◆ What the exercise asks
Hand back the entries exactly as written, minus every picture.

◆ Available records

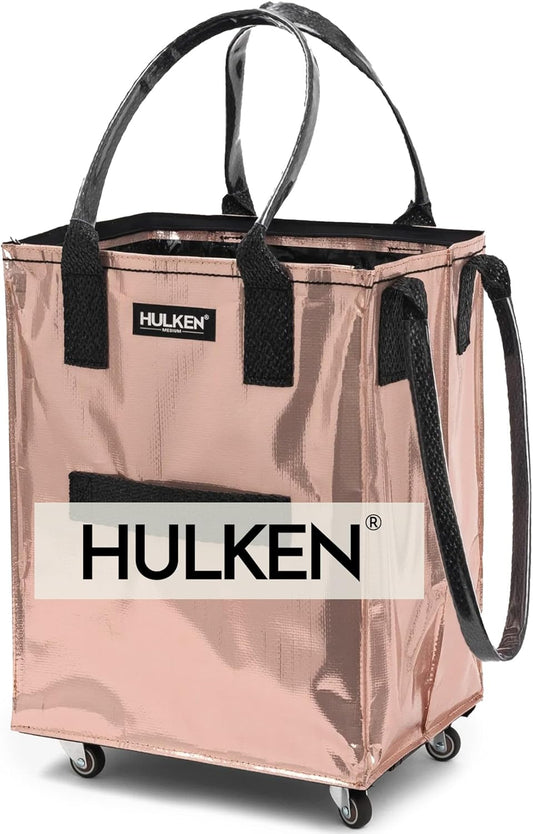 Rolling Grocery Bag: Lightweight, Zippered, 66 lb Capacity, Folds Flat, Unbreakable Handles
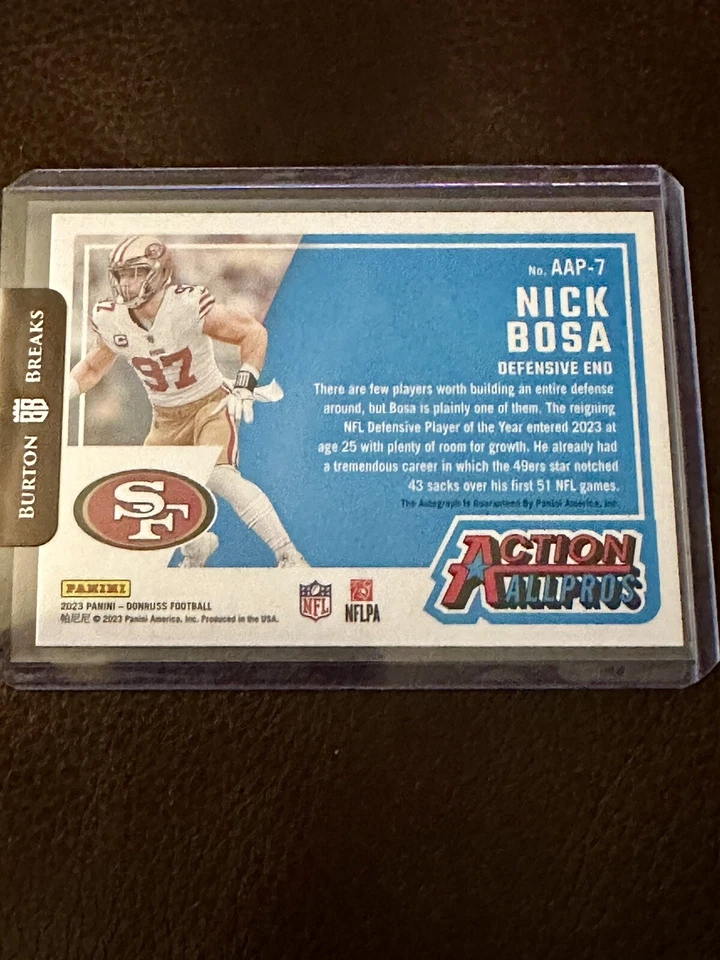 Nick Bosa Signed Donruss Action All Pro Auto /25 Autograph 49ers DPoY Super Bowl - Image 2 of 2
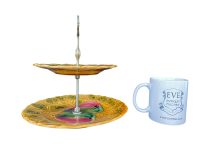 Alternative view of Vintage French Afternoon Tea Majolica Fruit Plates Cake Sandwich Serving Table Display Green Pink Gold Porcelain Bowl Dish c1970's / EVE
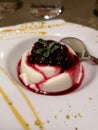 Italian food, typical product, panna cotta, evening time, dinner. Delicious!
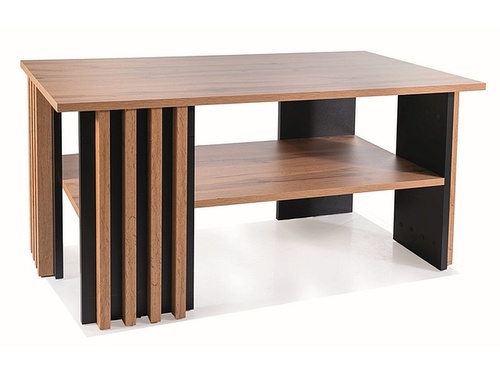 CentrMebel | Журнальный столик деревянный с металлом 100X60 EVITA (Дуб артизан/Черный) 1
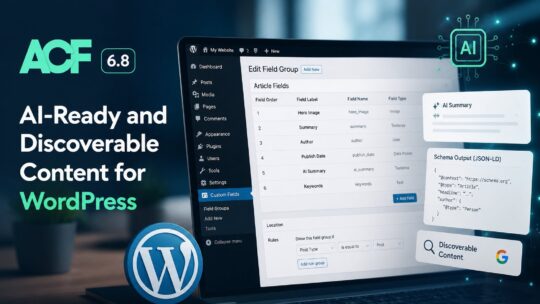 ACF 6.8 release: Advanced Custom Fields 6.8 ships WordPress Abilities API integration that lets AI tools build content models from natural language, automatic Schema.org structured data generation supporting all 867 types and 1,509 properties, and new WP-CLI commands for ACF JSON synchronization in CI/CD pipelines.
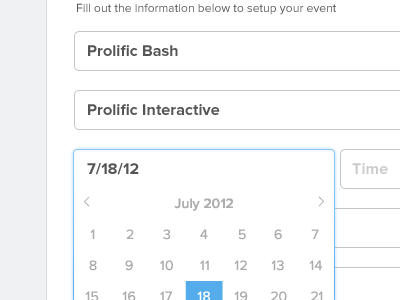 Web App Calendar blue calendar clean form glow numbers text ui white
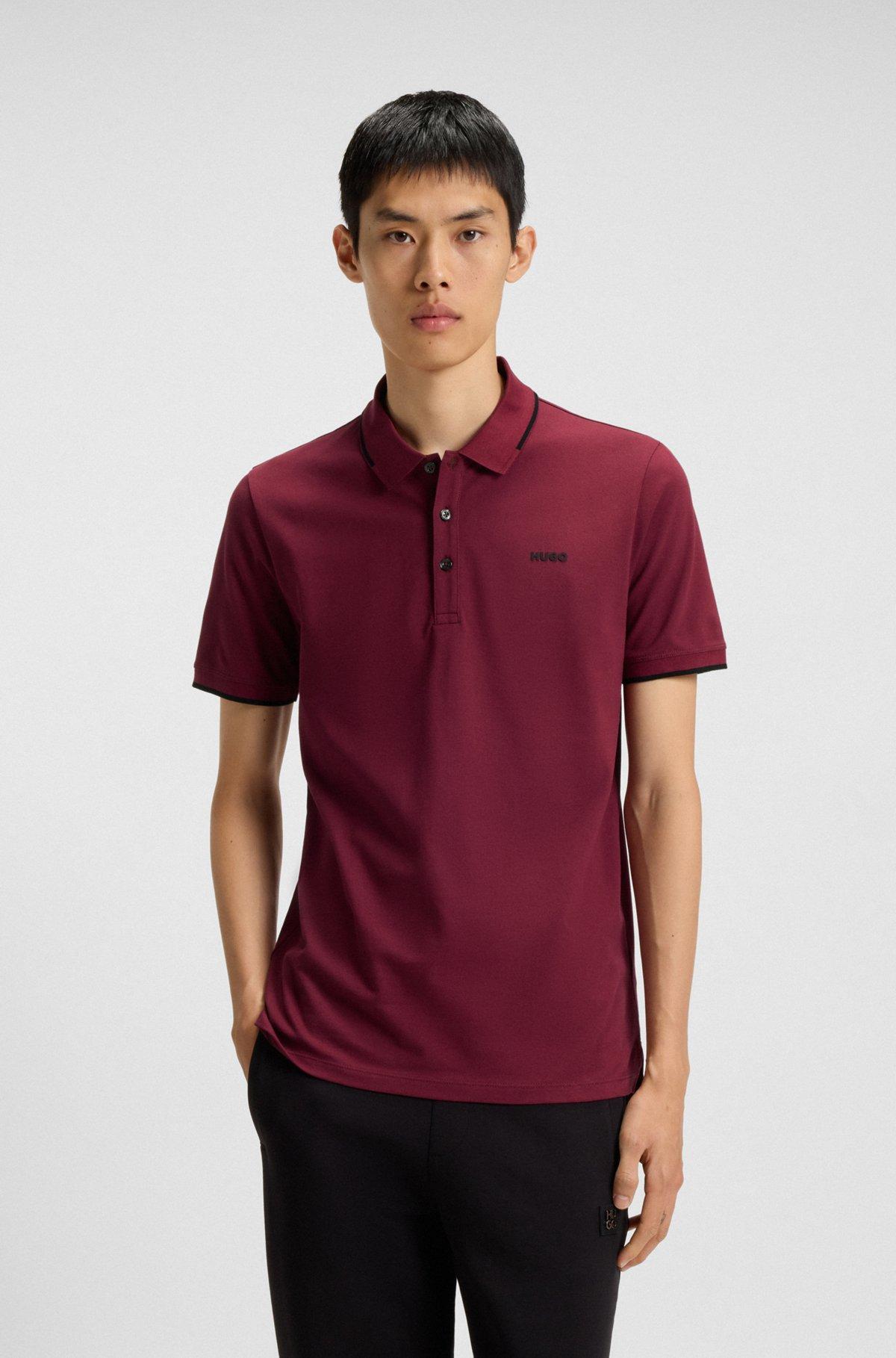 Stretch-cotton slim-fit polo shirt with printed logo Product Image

◆ Answer to this problem
 Rolling Grocery Bag: Lightweight, Zippered, 66 lb Capacity, Folds Flat, Unbreakable Handles
 Nick Bosa Signed Donruss Action All Pro Auto /25 Autograph 49ers DPoY Super Bowl - Image 2 of 2
 Alternative view of Vintage French Afternoon Tea Majolica Fruit Plates Cake Sandwich Serving Table Display Green Pink Gold Porcelain Bowl Dish c1970's / EVE
 Italian food, typical product, panna cotta, evening time, dinner. Delicious!
 CentrMebel | Журнальный столик деревянный с металлом 100X60 EVITA (Дуб артизан/Черный) 1
 ACF 6.8 release: Advanced Custom Fields 6.8 ships WordPress Abilities API integration that lets AI tools build content models from natural language, automatic Schema.org structured data generation supporting all 867 types and 1,509 properties, and new WP-CLI commands for ACF JSON synchronization in CI/CD pipelines.
 Web App Calendar blue calendar clean form glow numbers text ui white
 Stretch-cotton slim-fit polo shirt with printed logo Product Image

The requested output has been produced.